Assignment:
Go to the line below containing "A blacksmith sharpening" and print exactly from there through the line containing "Außenansicht des Abora", both included. Print nothing else.

The data:
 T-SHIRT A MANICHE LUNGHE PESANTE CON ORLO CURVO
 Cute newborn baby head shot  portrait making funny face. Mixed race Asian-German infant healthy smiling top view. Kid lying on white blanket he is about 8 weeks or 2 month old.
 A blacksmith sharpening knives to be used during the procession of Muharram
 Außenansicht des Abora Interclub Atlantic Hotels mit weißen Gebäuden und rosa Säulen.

==

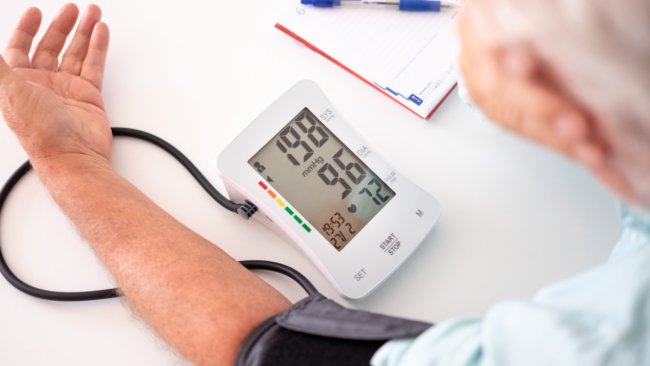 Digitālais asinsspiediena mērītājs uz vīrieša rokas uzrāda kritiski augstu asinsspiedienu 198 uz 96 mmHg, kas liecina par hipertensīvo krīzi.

* * *

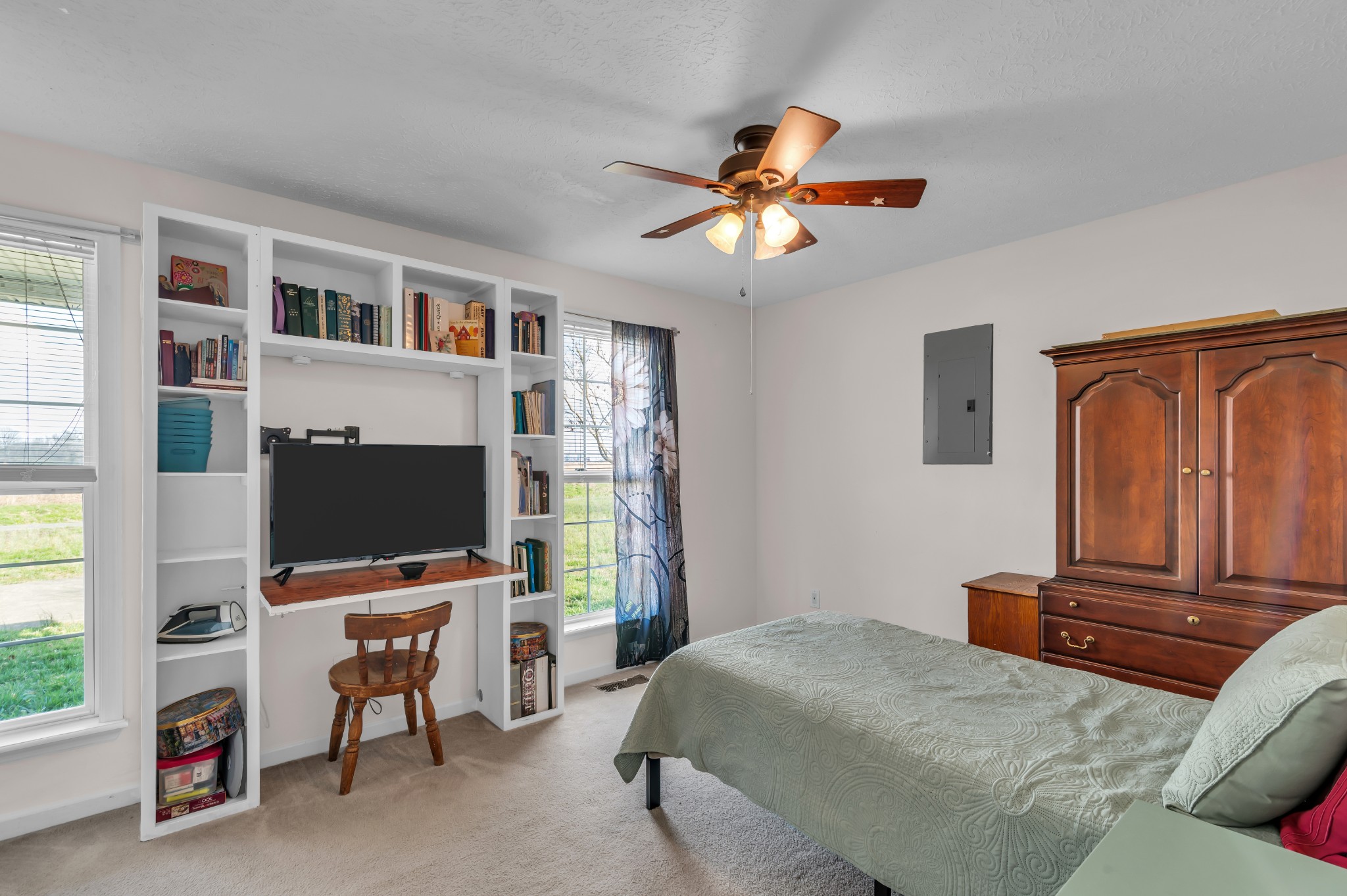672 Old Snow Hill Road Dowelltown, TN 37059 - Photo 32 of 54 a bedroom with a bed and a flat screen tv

Solution to the problem:
 A blacksmith sharpening knives to be used during the procession of Muharram
 Außenansicht des Abora Interclub Atlantic Hotels mit weißen Gebäuden und rosa Säulen.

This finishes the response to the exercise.